The Canadian government has acknowledged that physical and sexual abuse was rampant in the schools, with students beaten for speaking their native languages.

Chris Fitzgerald, deputy private secretary to the prince for foreign, commonwealth and development affairs, said following a formal welcome: “Their Royal Highnesses will first take part in a solemn moment of reflection and prayer at the Heart Garden, on the grounds of Government House, with indigenous leaders and community members in the spirit of reconciliation.

“Heart Gardens are in memory of all indigenous children who were lost to the residential school system, in recognition of those who survived, and the families of both.”

He added: “Throughout the tour Their Royal Highnesses will take the opportunity to continue to engage with indigenous communities.

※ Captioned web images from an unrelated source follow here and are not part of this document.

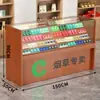 Nuevo Mostrador de Exhibición de Gabinete de Cigarrillos para Supermercado Gabinete de Cigarrillos Tienda de Conveniencia Estante de Gabinete de Cigarrillos de Vidrio con Combinación de Caja Registradora Gabinete con Cerradura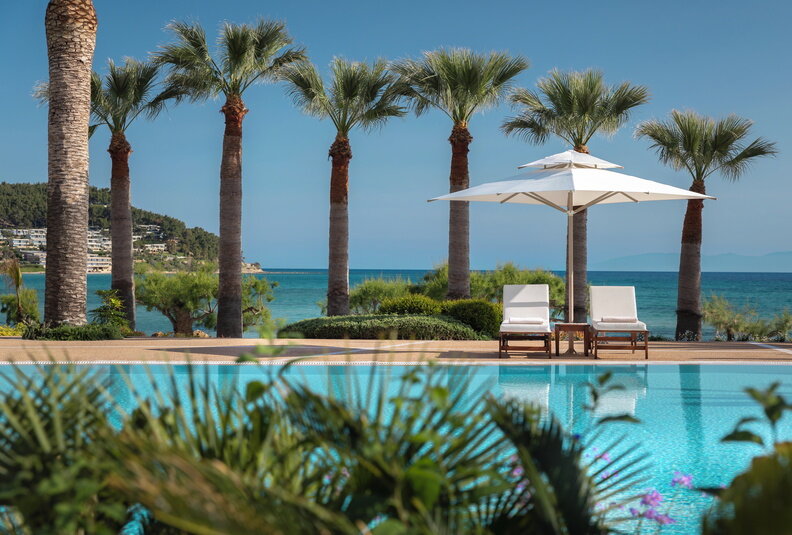 Sani Beach 6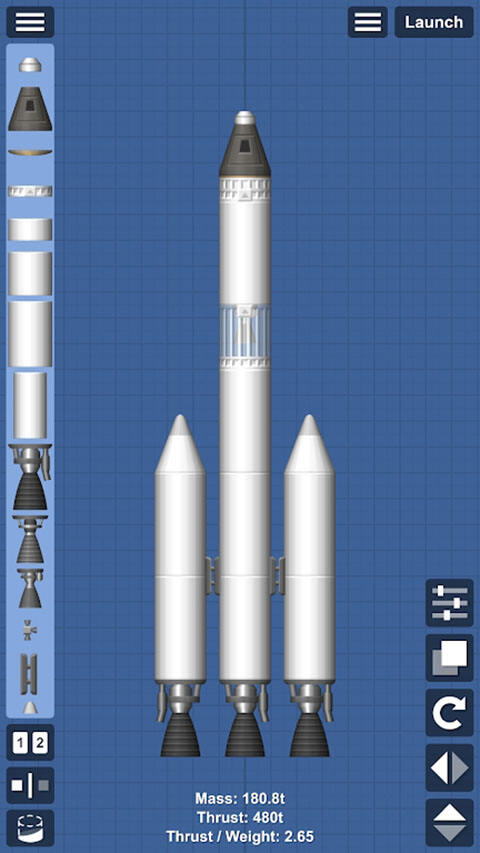 航天模拟器国际服(Spaceflight Simulator)官方版截图1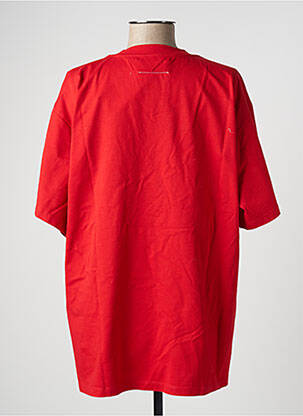 T-shirt rouge MAISON MARTIN MARGIELA femme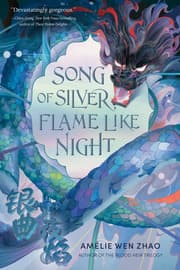 Cover von Song of Silver, Flame Like Night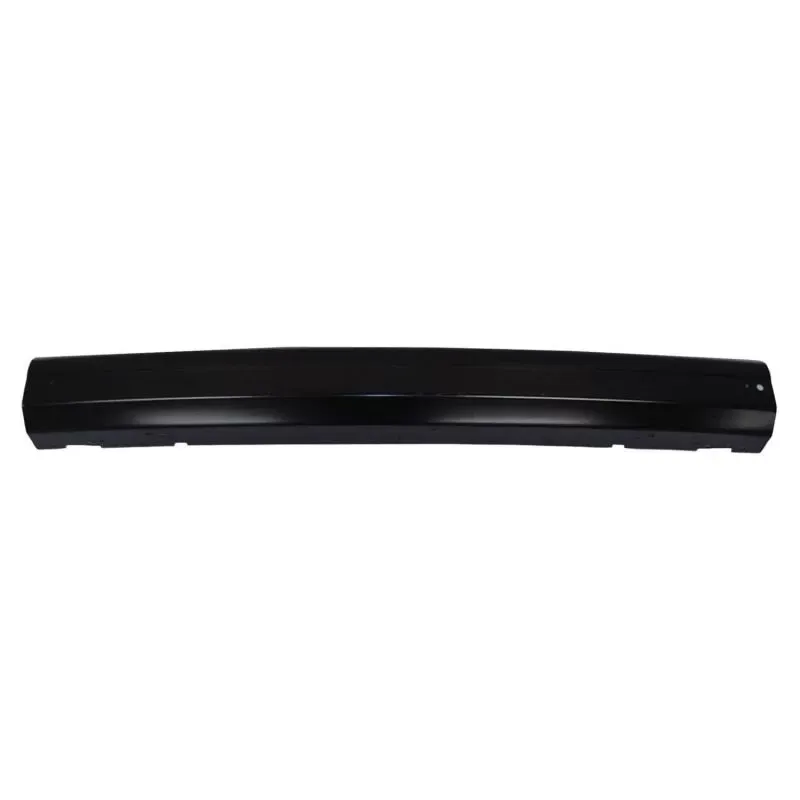 Crown Automotive Jeep Replacement Black 10 Gauge Steel Front Bumper for 1997-2001 Jeep XJ Cherokee Jeep Cherokee Front 1997-2001 - 5EE85TZZAC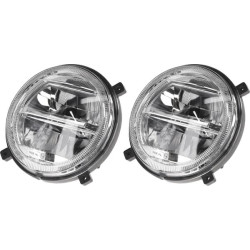 Massey Ferguson 5445 LA80055 priekiniai žibintai LED, 22/21W, apvalūs, 9-36V, Ø140mm, tolimosios / artimosios šviesos, H4 jungti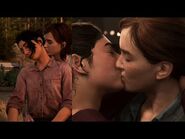 The Last Of Us Part II- Ellie & Dina Romance (Complete Relationship)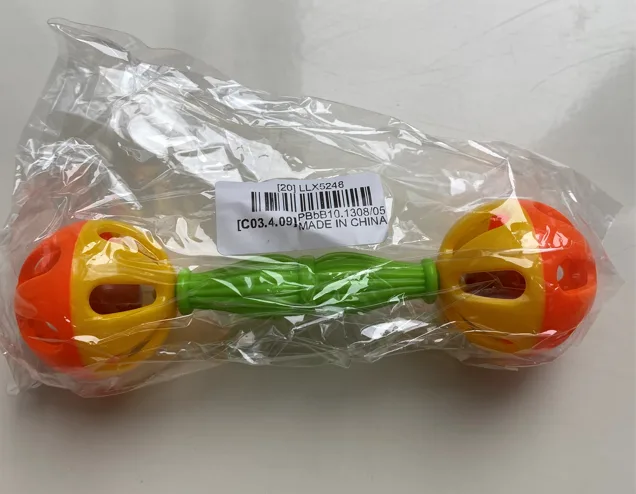 Toy rattle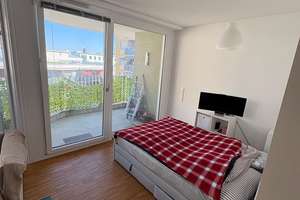 Gemütliche, großzügige 1-Zimmer-Wohnung in moderner Wohnanlage – Tübinger Straße 3b, 80686 Land in Sonne, München – Vorschaubild 6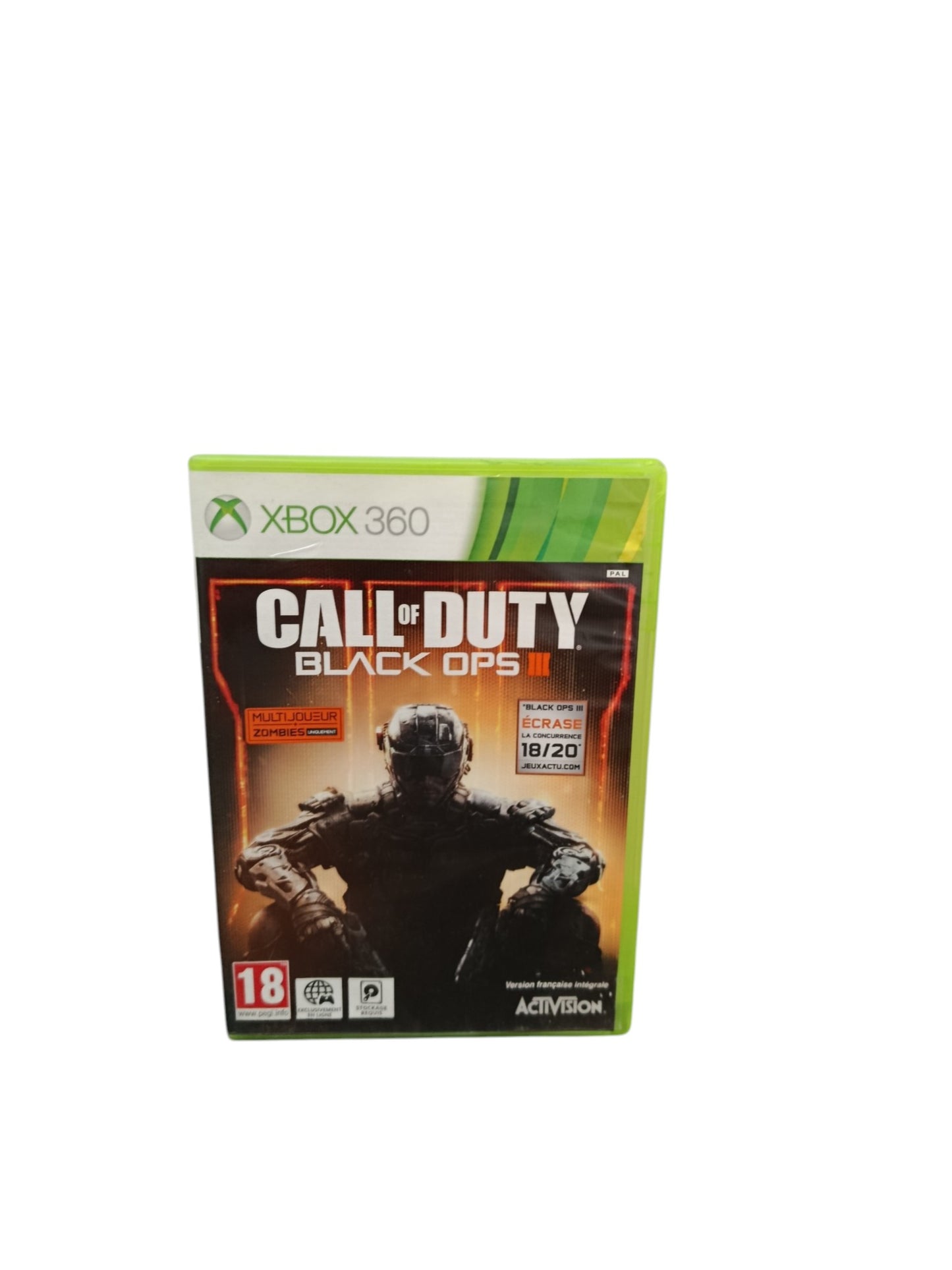 Call of Duty Black Ops III Xbox 360 Complet Version Française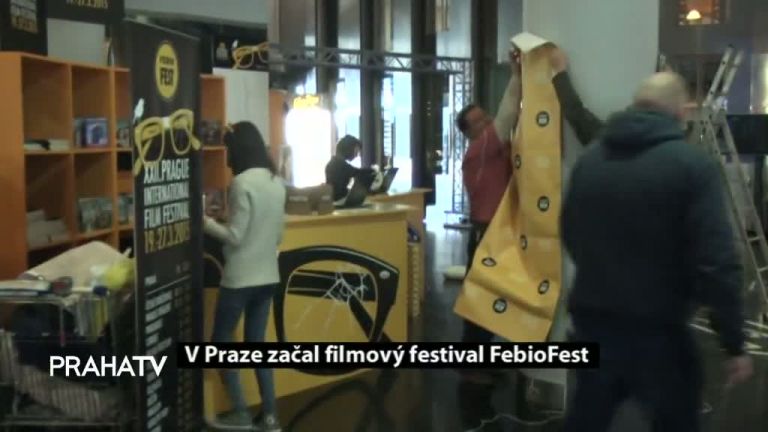 V Praze začal filmový festival Febiofest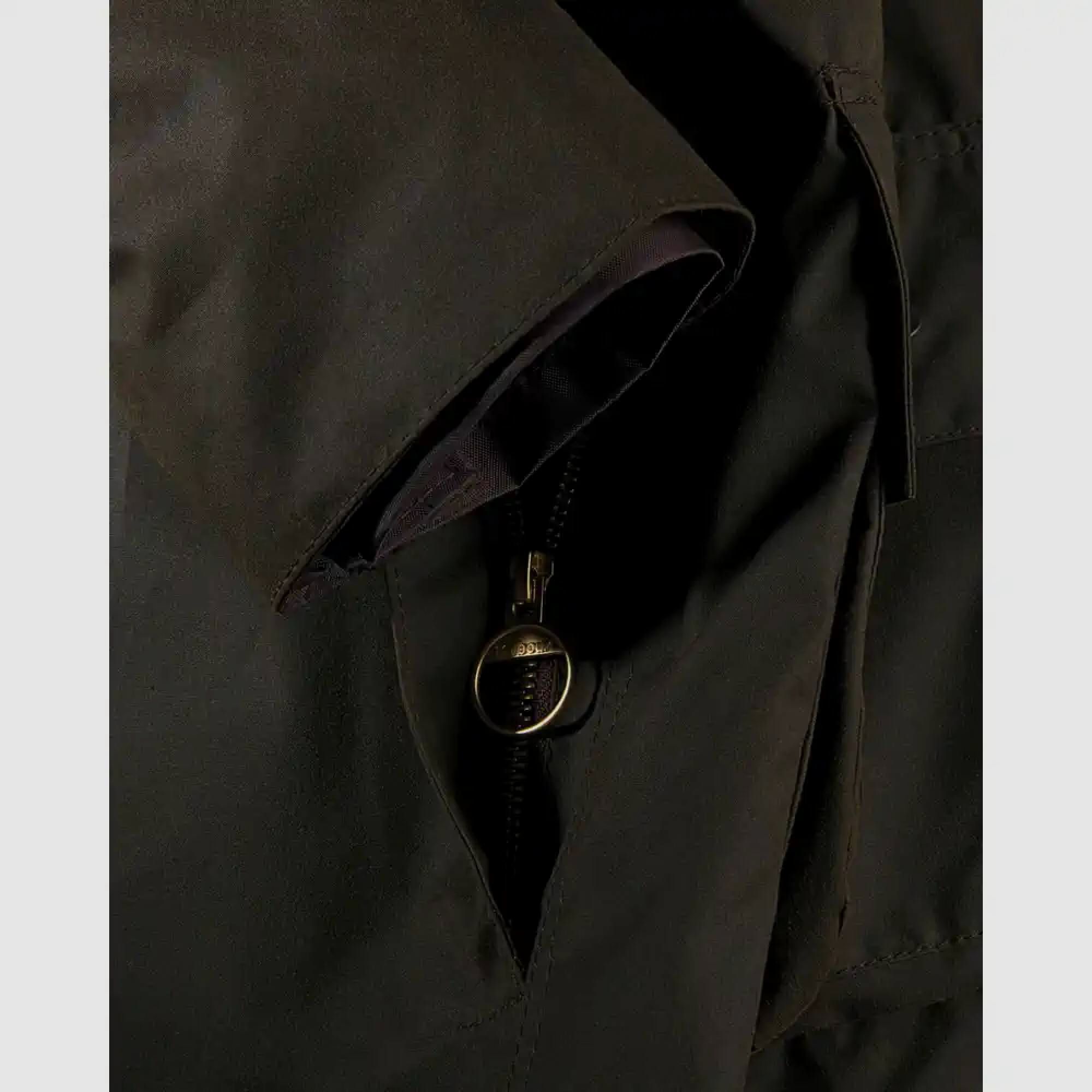 Barbour Wachsjacke Classic Beaufort, Farbe Olive 54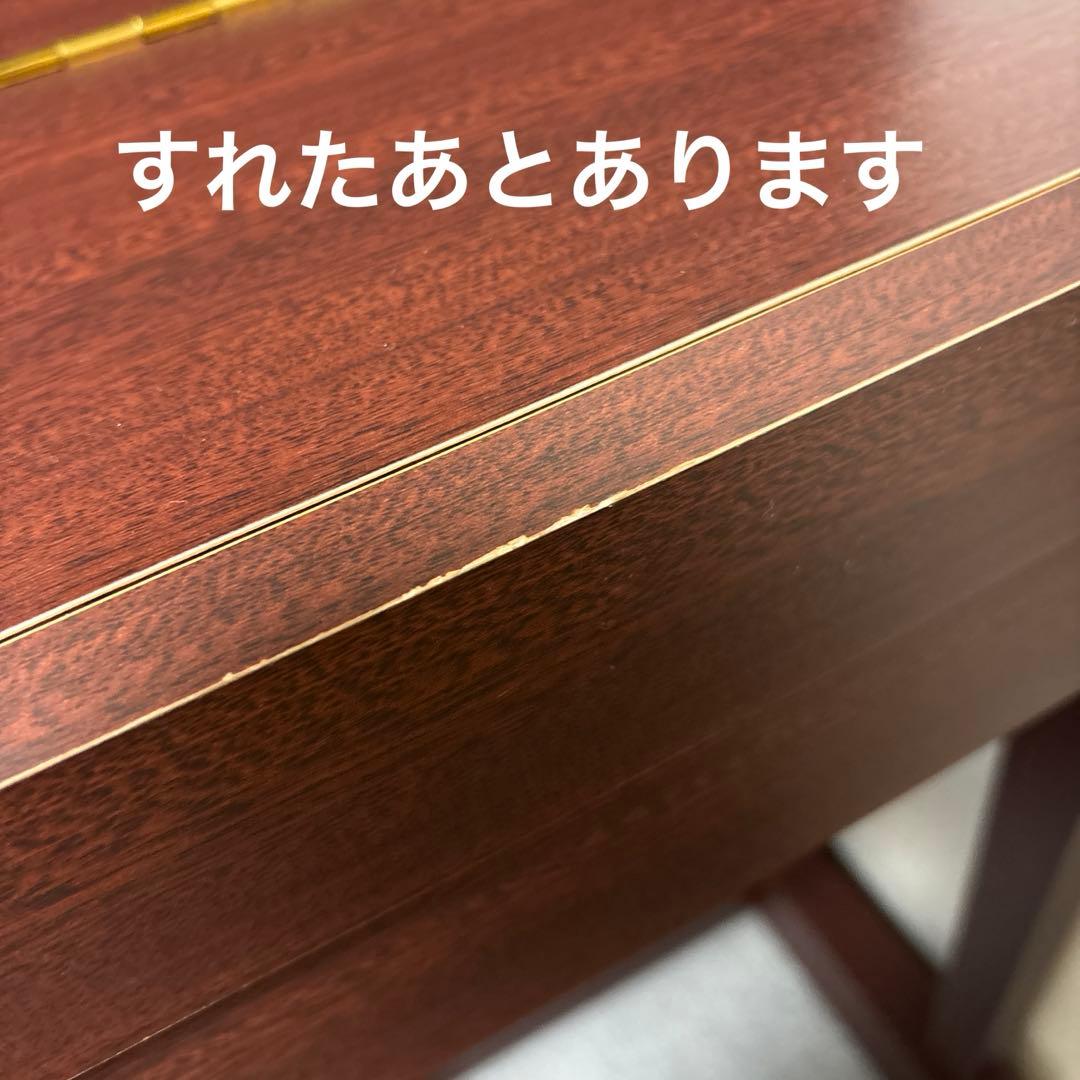 YAMAHA電子アップライトピアノ ダークブラウン MODEL DUP5.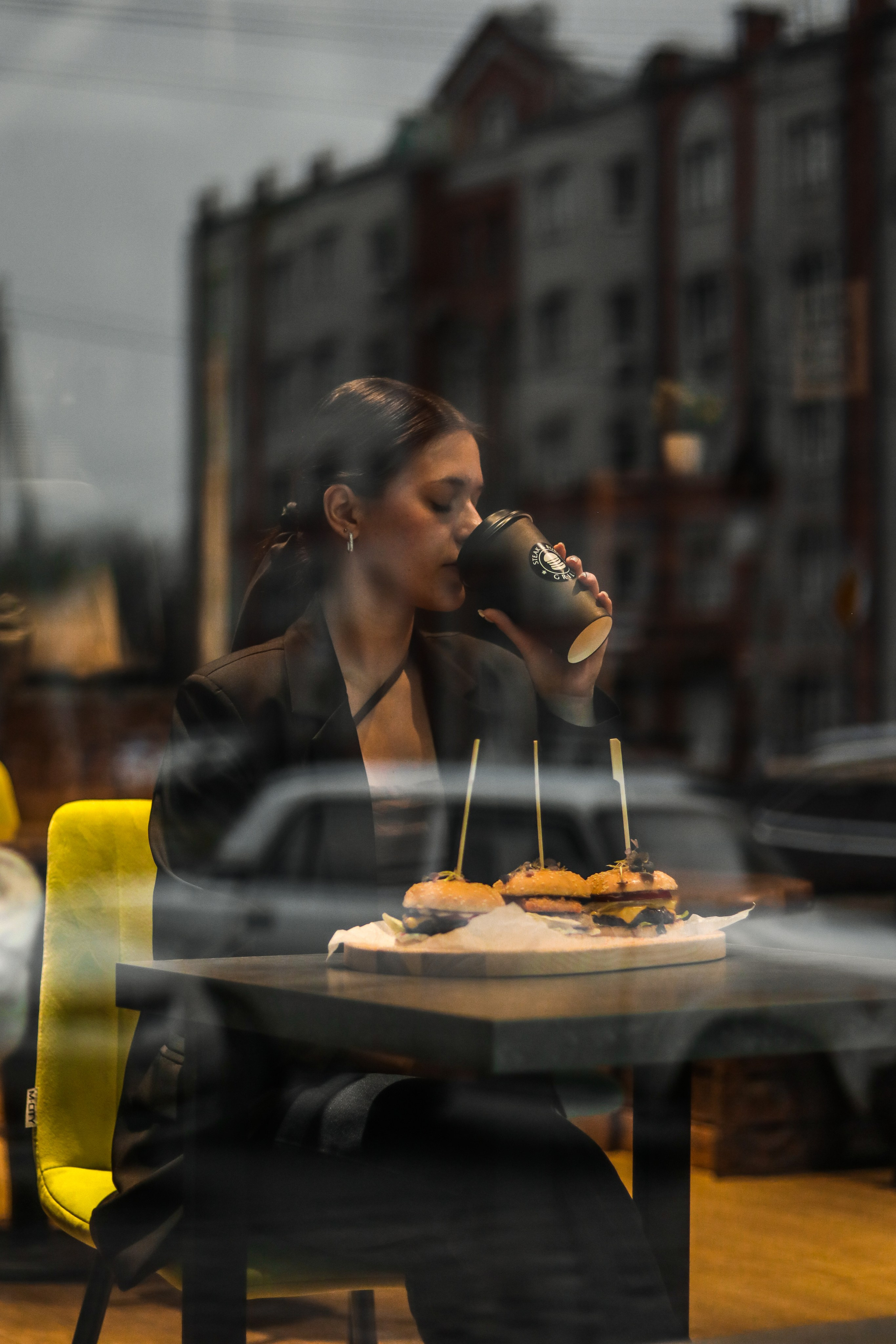 «Steak&Burg» кафе, г. Барнаул. Контент фотограф Дмитрий Борисов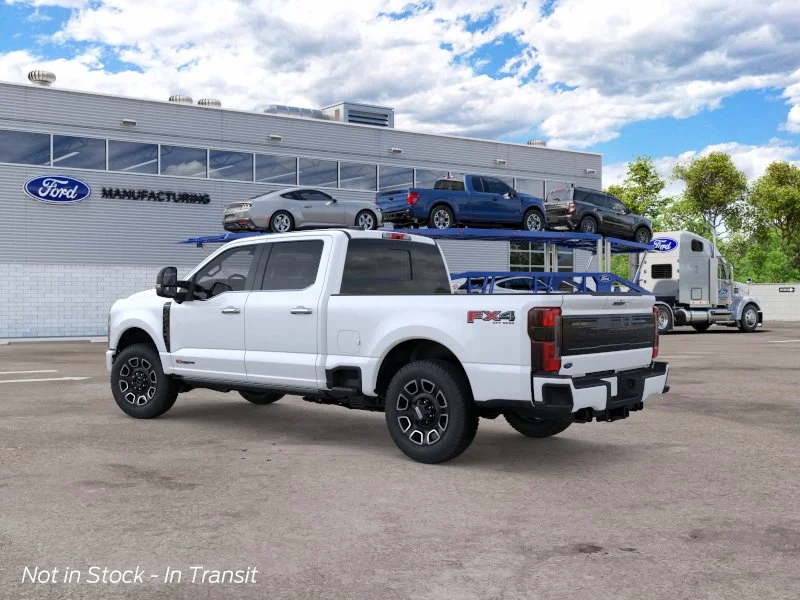 New 2026 Star White Metallic Tri-Coat Ford F-350® Platinum® image 5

“Over five decades, HRH continues to learn from Indigenous peoples in Canada and around the world.

“He recognises their deep ties to the land and water and the critical traditional knowledge they hold to restore harmony between people and Nature.”

The tour will begin in the province of Newfoundland and Labrador and also see the couple travel to Ottawa and Yellowknife, the capital city of the Northwest Territories.

Royal visit to Canada
The Prince of Wales and the Duchess of Cornwall on a previous visit to Canada (Chris Jackson/PA)

Charles is expected to speak about the Queen’s “profound affection she feels for Canada and its people” during the first day.

The tour is part of Canada’s Platinum Jubilee celebrations marking the Queen’s 70-year reign and Charles is also expected to speak of “service to family, to community and to country” which is “what makes Canada so special, and what my family and I have long admired”.

During their three-day trip the couple will also recognise the country’s response to the conflict in Ukraine following Russia’s invasion and meet members of Canada’s Ukrainian community, the largest outside Europe.

Charles and Camilla will highlight causes they have championed in the past, from supporting the victims of domestic abuse, highlighting the issue of climate change and recognising the role of Canada’s Armed Forces.

Highlights of the visit will see the couple tour the family-run Quidi Vidi Brewery famous for “iceberg” beer made from 20,000-year-old water harvested from icebergs which migrate seasonally to Newfoundland.

In Ottawa Charles will discuss the impact of global warming and engage with leaders from across public, private and philanthropic sectors working to build a green economy.

With the Northwest Territories warming at about three times the global rate Charles will visit its ice road passage or Yellowknife Bay to see the impact of climate change on local communities.